A dense, well-graded aggregate blend is most desirable. Although aggregate suppliers may supply one product meeting the proper aggregate gradation, in most cases, fine and coarse products are blended to produce the desired combined gradation.
Graph courtesy of Portland Cement Association
This graph shows a suggested combined aggregate band, as well as gradation bands for fine and coarse aggregate. Products falling within the fine and coarse bands may be blended at appropriate proportions to produce the desired combined gradation.
Coarse aggregates meeting ASTM C33/AASHTO M6/M80 standards are recommended for Roller Compacted Concrete mixtures. Coarse aggregates are often limited to a Nominal Maximum Size of Aggregate (NMSA) of ¾ inch to prevent segregation and achieve a tight surface. Typical NMSA varies from 5/8 inch to ¾ inch.

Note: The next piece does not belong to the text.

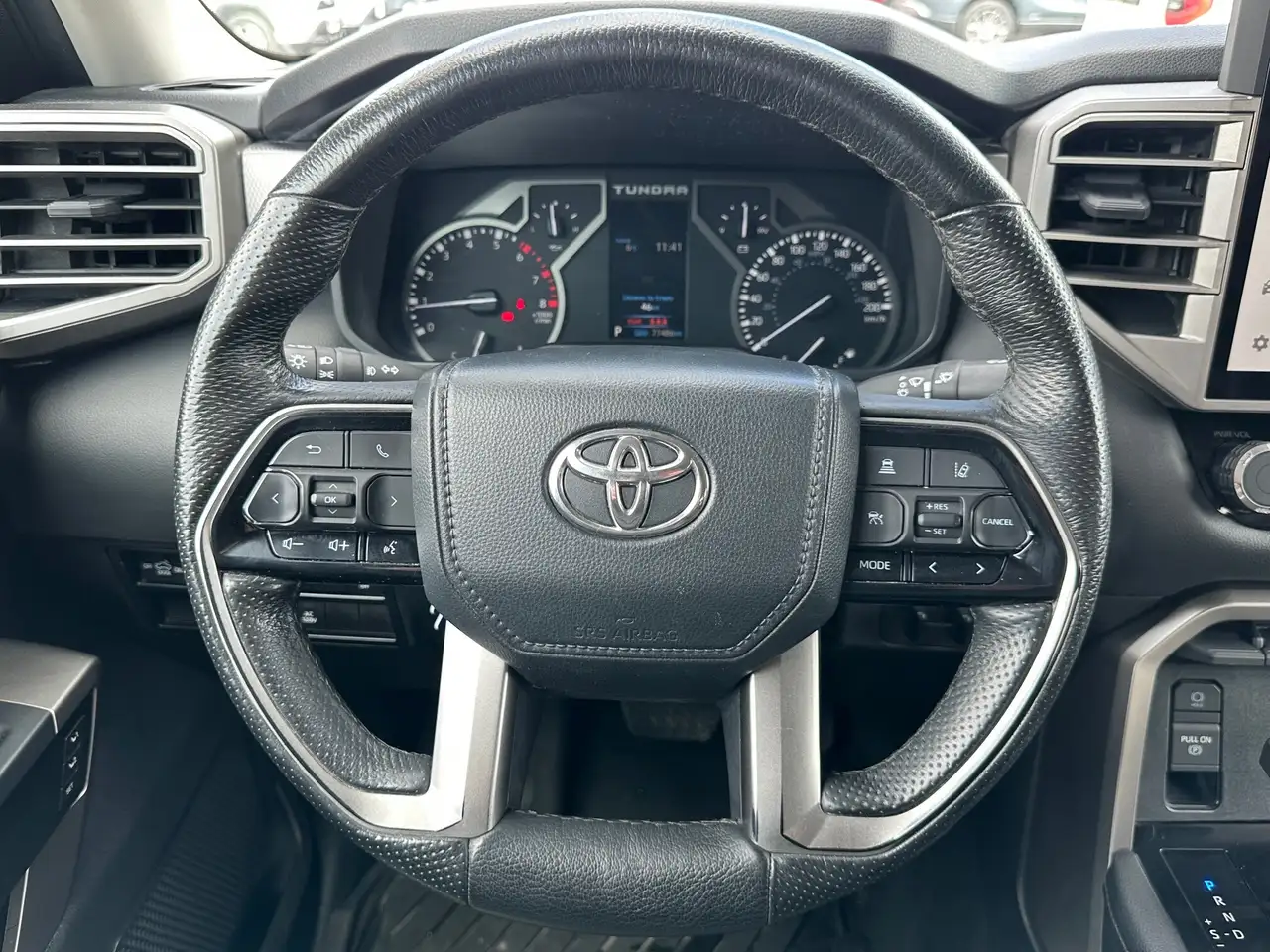 Toyota Tundra снимка Toyota Tundra
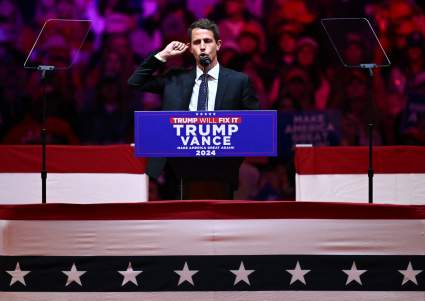 Comediante dijo en mitin de Trump que Puerto Rico es “una isla de basura”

NMSAs larger than ¾ inch (up to 1 ½”) can be used and, if properly proportioned (with adequate fines), can render a good quality finish. Larger NMSAs are typically used for non-wearing course or secondary applications where surface appearance is not of high importance. NMSAs smaller than ¾ inch (as small as ½ inch) can be used to reduce segregation, enhance cohesiveness, provide a closed surface, and improve riding quality. However, smaller NMSAs may increase the cement consumption.
Like coarse aggregates, fine aggregates should also meet ASTM C33/AASHTO M6/M80. The use of fines passing the No. 200 sieve, if they are non-plastic, may help reduce the fine aggregate voids in Roller Compacted Concrete mixtures.
The Roller Compacted Concrete aggregate skeleton, which is consolidated under compaction efforts, is significantly affected by the fine aggregates. A higher amount of fine aggregates allows for the reduction of cement and corresponding paste, which, when balanced by the proper gradation with coarse aggregate, provides for a compactable and durable mixture.
Like asphalt, when crushed fine aggregates are used, aggregate interlock is important for load carrying abilities. However unlike asphalt, Roller Compacted Concrete can use rounded fine aggregates since it has a very strong binder (cement mortar) compared to asphalt binder. As a result, naturally derived fine aggregate sources with a lack of angularity can be combined with properly graded coarse aggregate and a strong cement binder. The outcome is a single lift that can be up to 10 in. thick and still meet the required density.
The basic types of hydraulic cement, blended cements or a combination of hydraulic cement and a pozzolan can be used in the Roller Compacted Concrete mix. Like conventional concrete, materials used in Roller Compacted Concrete mixtures should be selected for chemical resistance to sulfate attack, potential alkali reactivity, and resistance to abrasion.
Type I and II cements are commonly used in Roller Compacted Concrete pavements. Type III can be used when early strength gain is required. Type V can be used when specific soils require high sulfate resistance. Cementitious materials should meet the requirements of ASTM C150 or ASTM C1157.
Supplementary cementitious materials (SCMs) can be used to provide additional fine material and ensure adequate compaction, particularly in mixtures containing standard-graded concrete fine aggregate. However, SCMs have not been extensively used in Roller Compacted Concrete mixtures in the United States and in particular the southeast.
To date, most usage has been in central batch and transit mixer operations. Admixtures have not commonly been used in pugmill operations.
Because Roller Compacted Concrete mixtures are very dry, admixtures must be added in higher quantities than that of conventional concrete in order to be effective. Any admixture considered should be tested prior to use to determine its effectiveness on fresh and hardened Roller Compacted Concrete properties. ASTM C494 should be consulted for any Roller Compacted Concrete placement.
It is important that when considering the use of a chemical admixture in Roller Compacted Concrete mixes, that proper laboratory and field testing should be conducted to ensure performance and compatibility. The testing will also verify the proper dosage rates for the admixtures which are different from conventional PCC.